# What To Do About A Bunk Ladder?



## Corey (Feb 25, 2013)

Hi everyone, I'm sure this topic is around or been brought up before but.... I have a 2011 outback 270BH and it has the bunks at the rear of the trailer. The top bunk is in need of a ladder but something that will work for a 6 year old, the ladder can't take much room as the bathroom door swings open to the bunks. Anyone have any ideas?


----------



## Oregon_Camper (Sep 13, 2004)

Here is the solution we used in our prior Outback.

http://home.comcast.net/~tannerjim1/Mods/bunk_bed_rail_and_ladder.htm


----------



## knauby (Aug 16, 2012)

We just purchased one from our dealers stock. They have 2 sizes and we went with the longer one to make it easier for my little one to get up and down. While traveling and in the daytime we just stow it on the bunk. The hooks just rest on the side of the bunk and it has rubber feet so it doesn't slide. My 5 & 7 year olds had no problem using it. Wish I had the name of the manufacturer but I think they are pretty standard across the board.


----------



## cdar (May 20, 2013)

We use a leftover 5+ foot ladder from a bunk bed set that was seperated. Added ladder gloves ($10 @ HD) to not scratch the floor and keep it from slipping. It extends the top bunk in our 21rs a bit but works. Travel with it in the top bunk.

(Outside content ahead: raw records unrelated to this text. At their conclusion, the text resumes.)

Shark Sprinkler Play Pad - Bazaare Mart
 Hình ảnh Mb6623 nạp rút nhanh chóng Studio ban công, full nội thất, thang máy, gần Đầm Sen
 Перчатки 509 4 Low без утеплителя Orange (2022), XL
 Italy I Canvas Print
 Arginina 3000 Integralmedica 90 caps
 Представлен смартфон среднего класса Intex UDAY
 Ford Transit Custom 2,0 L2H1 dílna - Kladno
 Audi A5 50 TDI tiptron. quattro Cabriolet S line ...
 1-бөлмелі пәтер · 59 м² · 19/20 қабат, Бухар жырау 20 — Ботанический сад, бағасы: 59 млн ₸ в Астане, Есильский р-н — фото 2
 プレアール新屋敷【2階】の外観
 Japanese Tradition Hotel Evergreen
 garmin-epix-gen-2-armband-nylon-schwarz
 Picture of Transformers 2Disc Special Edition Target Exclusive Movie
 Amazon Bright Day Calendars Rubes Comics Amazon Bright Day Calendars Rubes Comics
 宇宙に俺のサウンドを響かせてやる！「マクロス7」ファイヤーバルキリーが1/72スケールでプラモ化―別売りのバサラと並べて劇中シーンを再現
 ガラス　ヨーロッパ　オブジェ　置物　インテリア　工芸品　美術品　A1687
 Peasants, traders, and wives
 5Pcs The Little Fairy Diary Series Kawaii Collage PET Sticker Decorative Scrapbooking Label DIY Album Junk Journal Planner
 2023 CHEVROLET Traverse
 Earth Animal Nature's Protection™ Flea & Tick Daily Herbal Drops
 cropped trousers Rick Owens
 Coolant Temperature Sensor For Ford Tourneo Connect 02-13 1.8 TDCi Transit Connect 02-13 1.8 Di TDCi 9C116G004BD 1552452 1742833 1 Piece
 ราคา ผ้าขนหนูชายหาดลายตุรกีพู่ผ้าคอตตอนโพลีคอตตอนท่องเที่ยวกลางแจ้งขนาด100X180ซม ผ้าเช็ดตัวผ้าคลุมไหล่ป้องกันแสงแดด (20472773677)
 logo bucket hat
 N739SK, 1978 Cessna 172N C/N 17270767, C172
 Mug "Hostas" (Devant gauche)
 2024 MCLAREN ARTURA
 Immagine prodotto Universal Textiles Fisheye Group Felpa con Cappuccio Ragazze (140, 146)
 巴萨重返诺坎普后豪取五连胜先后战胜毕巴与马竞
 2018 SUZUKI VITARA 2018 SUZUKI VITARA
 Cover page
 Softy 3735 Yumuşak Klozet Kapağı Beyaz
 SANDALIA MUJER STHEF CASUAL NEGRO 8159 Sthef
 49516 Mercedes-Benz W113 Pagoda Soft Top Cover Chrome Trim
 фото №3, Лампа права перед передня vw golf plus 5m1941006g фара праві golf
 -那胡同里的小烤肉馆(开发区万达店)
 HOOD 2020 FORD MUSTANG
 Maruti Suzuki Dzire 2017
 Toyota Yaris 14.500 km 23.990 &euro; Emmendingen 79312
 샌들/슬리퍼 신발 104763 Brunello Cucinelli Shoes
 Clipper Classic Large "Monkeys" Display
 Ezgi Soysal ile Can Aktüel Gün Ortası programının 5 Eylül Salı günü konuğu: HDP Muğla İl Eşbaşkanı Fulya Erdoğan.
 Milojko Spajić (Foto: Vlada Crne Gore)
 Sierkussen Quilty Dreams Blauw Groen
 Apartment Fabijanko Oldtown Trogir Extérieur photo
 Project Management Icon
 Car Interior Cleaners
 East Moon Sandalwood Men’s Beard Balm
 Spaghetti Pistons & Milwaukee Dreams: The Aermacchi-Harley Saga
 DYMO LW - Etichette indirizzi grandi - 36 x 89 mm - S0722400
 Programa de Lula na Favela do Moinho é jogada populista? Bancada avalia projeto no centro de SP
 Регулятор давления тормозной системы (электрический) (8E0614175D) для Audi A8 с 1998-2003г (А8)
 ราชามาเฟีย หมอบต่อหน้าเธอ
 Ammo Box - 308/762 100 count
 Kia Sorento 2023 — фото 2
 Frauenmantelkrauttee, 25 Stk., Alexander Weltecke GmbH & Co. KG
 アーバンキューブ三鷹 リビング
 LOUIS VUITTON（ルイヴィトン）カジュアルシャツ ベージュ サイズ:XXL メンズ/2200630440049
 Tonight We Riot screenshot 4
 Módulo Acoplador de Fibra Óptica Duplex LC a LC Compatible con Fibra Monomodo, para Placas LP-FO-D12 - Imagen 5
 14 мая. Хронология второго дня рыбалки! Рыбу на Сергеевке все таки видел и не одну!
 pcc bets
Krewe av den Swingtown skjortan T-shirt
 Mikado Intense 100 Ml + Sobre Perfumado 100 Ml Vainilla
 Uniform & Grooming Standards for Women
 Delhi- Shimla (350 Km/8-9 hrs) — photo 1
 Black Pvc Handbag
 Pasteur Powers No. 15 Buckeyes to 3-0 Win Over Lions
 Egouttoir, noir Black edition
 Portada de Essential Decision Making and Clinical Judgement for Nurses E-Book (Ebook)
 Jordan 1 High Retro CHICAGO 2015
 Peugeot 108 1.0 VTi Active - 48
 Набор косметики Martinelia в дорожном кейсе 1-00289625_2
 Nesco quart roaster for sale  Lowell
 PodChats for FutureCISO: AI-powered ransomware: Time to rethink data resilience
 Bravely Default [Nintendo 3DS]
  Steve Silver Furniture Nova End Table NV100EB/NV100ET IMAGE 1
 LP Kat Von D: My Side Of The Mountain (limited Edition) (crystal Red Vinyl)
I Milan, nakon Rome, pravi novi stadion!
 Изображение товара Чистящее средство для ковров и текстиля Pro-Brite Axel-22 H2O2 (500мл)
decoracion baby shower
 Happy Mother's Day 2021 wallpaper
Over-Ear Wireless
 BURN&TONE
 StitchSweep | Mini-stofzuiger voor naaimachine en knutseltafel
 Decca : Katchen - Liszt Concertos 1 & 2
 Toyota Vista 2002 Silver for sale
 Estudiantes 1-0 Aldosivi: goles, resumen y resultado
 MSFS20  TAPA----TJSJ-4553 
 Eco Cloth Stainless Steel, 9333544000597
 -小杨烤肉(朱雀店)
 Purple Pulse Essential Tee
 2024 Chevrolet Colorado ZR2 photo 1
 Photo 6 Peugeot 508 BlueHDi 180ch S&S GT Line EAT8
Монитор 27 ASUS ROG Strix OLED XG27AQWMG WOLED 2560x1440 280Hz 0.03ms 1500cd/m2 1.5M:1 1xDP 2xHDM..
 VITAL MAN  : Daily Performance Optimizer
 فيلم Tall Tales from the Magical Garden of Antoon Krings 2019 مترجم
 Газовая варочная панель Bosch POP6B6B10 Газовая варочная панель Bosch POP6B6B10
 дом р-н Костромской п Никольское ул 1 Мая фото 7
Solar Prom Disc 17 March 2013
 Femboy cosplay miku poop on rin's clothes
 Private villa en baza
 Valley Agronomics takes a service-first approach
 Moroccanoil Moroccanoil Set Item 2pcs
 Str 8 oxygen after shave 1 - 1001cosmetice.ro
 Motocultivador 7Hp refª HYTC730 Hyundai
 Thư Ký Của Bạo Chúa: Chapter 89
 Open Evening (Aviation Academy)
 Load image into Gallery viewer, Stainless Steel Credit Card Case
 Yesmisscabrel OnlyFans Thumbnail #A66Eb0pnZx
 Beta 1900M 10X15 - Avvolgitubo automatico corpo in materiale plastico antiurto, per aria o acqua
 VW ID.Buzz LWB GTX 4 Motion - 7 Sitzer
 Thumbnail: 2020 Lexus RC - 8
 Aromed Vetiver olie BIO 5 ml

Bonus is... I remove the gloves and added felt to the hooks (that would normally hook into a bed rail) and lean it against the rear to access the top of the rear slide to clean/squeegee off water prior to closing up--dual purpose.


----------



## jasonrebecca (Oct 30, 2007)

Fulminator made one for his 21rs, when he traded to the 250rs, the bunks were a different height, so I got the one he made for my 21rs!


----------



## thefulminator (Aug 8, 2007)

My version as mentioned by jasonrebecca.


----------



## Corey (Feb 25, 2013)

Thanks for the posts guys, gives me a few ideas, keep them coming..


----------



## cdar (May 20, 2013)

Yes, thanks. I'm also liking the idea of the shoe/pocket holder on the bathroom door (JasonRebecca)


----------